**Task prompt**
Once the line containing "this 640×480 image." is found in the data below, output that line and every line after it through the last, unchanged and with nothing else.

**Images for object localization**
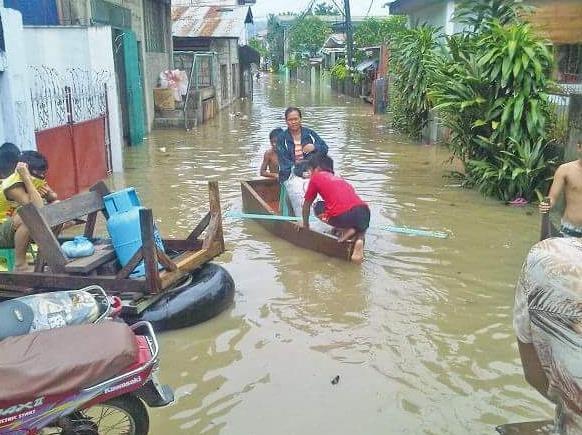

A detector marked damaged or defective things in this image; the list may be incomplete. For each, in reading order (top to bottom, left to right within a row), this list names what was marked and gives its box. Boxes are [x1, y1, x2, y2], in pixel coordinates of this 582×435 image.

rusty roof sheet [172, 5, 252, 38]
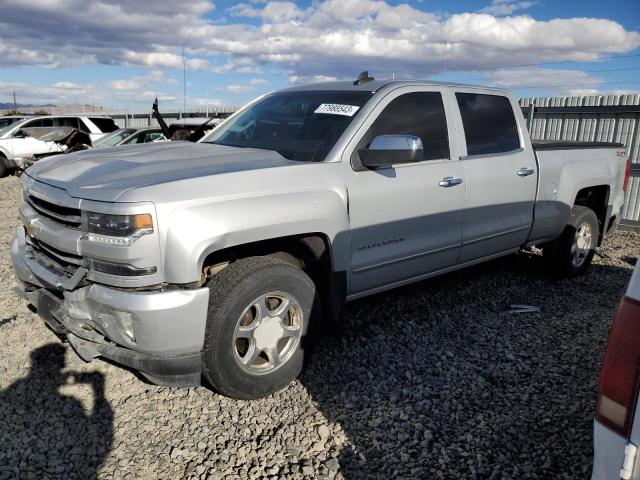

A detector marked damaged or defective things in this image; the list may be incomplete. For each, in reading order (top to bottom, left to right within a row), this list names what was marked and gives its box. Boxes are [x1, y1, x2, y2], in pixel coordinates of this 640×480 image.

wrecked vehicle [0, 115, 117, 177]
wrecked vehicle [94, 127, 168, 150]
damaged front bumper [10, 227, 209, 388]
wrecked vehicle [10, 79, 632, 400]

**Result for this exercise**
A detector marked damaged or defective things in this image; the list may be incomplete. For each, in reading order (top to bottom, left to right within a row), this list names what was marked and gives its box. Boxes are [x1, y1, x2, y2], in pixel coordinates of this 640×480 image.

wrecked vehicle [0, 115, 117, 177]
wrecked vehicle [94, 127, 168, 150]
damaged front bumper [10, 227, 209, 388]
wrecked vehicle [10, 79, 632, 400]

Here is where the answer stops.